連載コラム/富裕層「あ・い・う・え・お」の法則
第26回
皆さんいかがお過ごしでしょうか。私はここ3ヶ月ほどシンガポールへの出張がだいぶ増えてきています。シンガポールの友人が Millionaire Asia というアジア富裕層のデータベースビジネスをしており、そちらとかなり連携が深まっています。この会社でその名の通り Millionaire Asia という、いかにもストレートな名前の雑誌も発行しているのですが、その中で「アジアでもフィランソロピー文化が拡大している」という面白い記事がありました。その内容もさることながら、注目した点は「チェック(小切手)による寄付が多い」ということ。これ、日本における寄付促進にも大きなヒントなんじゃないかと。

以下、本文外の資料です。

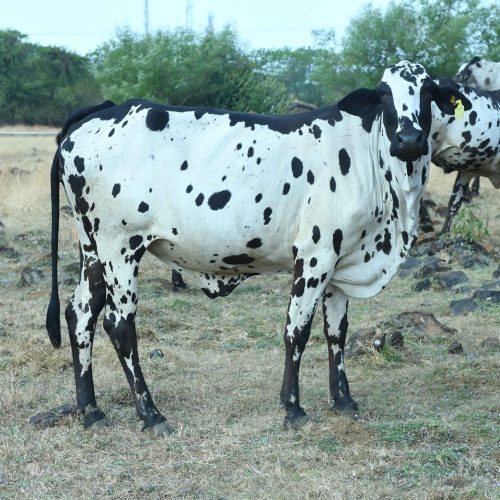 Dangi Cattle_11zon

今ではネット上で寄付ができる仕組みもずいぶんと発達しましたし、もちろん自分でできる範囲の寄付を現金でする、というのが普通だと思うんですけど、なかなかどうしてこのチェックによる寄付というのは大きな可能性を秘めていると思うんですね。例えば私が小学生時代(なんと30年以上前になりました!)、実家の近くにセブンイレブンができてものめずらしさも手伝って毎日のように行っていたことをよく覚えているんですけど、その時には今となってはどのコンビニでも見かける寄付ボックスのようなものはなかったと記憶しています。いつの頃からでしょうか、おつりを確かに小額ではありますが入れるようになりました。これはもっとも「あ・い・う・え・お」の概念に近い行動だと思います。ところが、そこに1,000円入れる人はあまりいないと思うんですね。逆にチェックであれば(なんとなく)1,000円くらいからの寄付になるだろうな、と。現金で1,000円寄付するのに何故かためらいがあるような人でも、チェックで1,000円なら違和感感じないんじゃないかな、と思ったりしています。問題は小切手なるものが日本でもごく普通に使用されていく文化になるかどうかということですが、クレジットカードですらこれだけ普及したんですから特に障害はないと思うんですね。例えばシンガポールでは給与支払いも小切手支払いがごく当たり前で、とても日常生活になじみのあるものだったりします。これでフィランソロピストが増えていくきっかけになるのであれば、ごく単純な話のはずですよね。
物事の成功のステップにはアクセシブルか、あるいはそうでないか、ということがあります。特に寄付なりフィランソロピーなりという ような概念には常に「アクセシビリティ」が求められると思うのです。インターネットで手軽に寄付活動ができるようになったことも、コンビニに寄付ボックスが設置されているのも、寄付することへのアクセシビリティを飛躍的に高めたはずです。ならばもう1回!小切手をごく普通の価値交換手段のひとつとする活動でフィランソロピストの増加につながるようなムーブメント起こしたいものです。わりと「あ・い・う・え・お」レベルの話だと思うんですよね。